Once they had come up the hill and into the forest, Ishta said, "So, it was not necessarily an unwise plan after all."

"I would not say that," Teal'c replied. "Still, I am glad that our fears were unwarranted." He paused for a moment. "And I would be a liar if I said I had never taken such risks."

"Yes," she said, "I know." Teal'c did not do her the dignity of turning to see Ishta's expression, but he could imagine it all the same. She was not afraid of the knife, that one. Speaking of which...

"You understand my concern as well, that the heart can lead one astray. I am not saying that they are not well matched, but they are very young."

"You loved late," Ishta said, not quite a question.

They had spoken of Drey'auc, and evidently Rya'c had as well, for he had not spoken to Ishta about their estrangement at the end. Neither, for that matter, had they spoken of Shau'nac. "I loved when I was Rya'c's age. She was a priestess, and so it was forbidden. I did not court Drey'auc until I was told to marry." She had been much younger, a tumble of dark hair glimpsed across a courtyard, the challenge of a woman who had refused more than one warrior, and Teal'c had needed a wife. She had not welcomed him back into her bed after Fro'tak, but they had made their peace about his leaving by the end, and she had been a good wife for many years.

Drey'auc had never gone to war with him. For the first time in a very long life, as he walked through the woods with Ishta, he thought perhaps that had been a loss. Or at least that his inability to picture it was a loss; she had been home and hearth and mother to his child, and her fierceness had been a point of possessive pride. They had not been... partners. Not in that way. Maybe they could have been, in a different time.

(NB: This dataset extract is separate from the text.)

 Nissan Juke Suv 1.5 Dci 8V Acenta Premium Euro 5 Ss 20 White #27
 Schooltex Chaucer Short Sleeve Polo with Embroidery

Which was not to say Ishta should have allowed Rya'c and Kar'yn to wander off alone. Still, it was good, if perhaps also strange, that they were together. Not for the first time, Teal'c wished that Drey'auc had lived to see their freedom. She could have come to Dakara, given him counsel--she had always had a talent for cutting through unnecessary worries, and no patience for dithering--

Ishta had held her tongue, and for once, Teal'c felt a need to fill the silence, or maybe it was just a need to make her understand. "I loved her, but she was not as... whole, as she could have been. Now that we are free, things will be different, for Kar'yn, and for Rya'c, and I am glad of it."

It was as much of an apology as he could bring himself to give, or an explanation, at least. He did not pause, or turn, though he was tempted, because it suddenly mattered a great deal to him that Ishta believed him. There was no response for ten strides, and then Ishta sighed, deep and tired.

"I hope that you are right," she said, and they went on down the ravine without speaking, over the stream and into the tel'tak to wait for their children.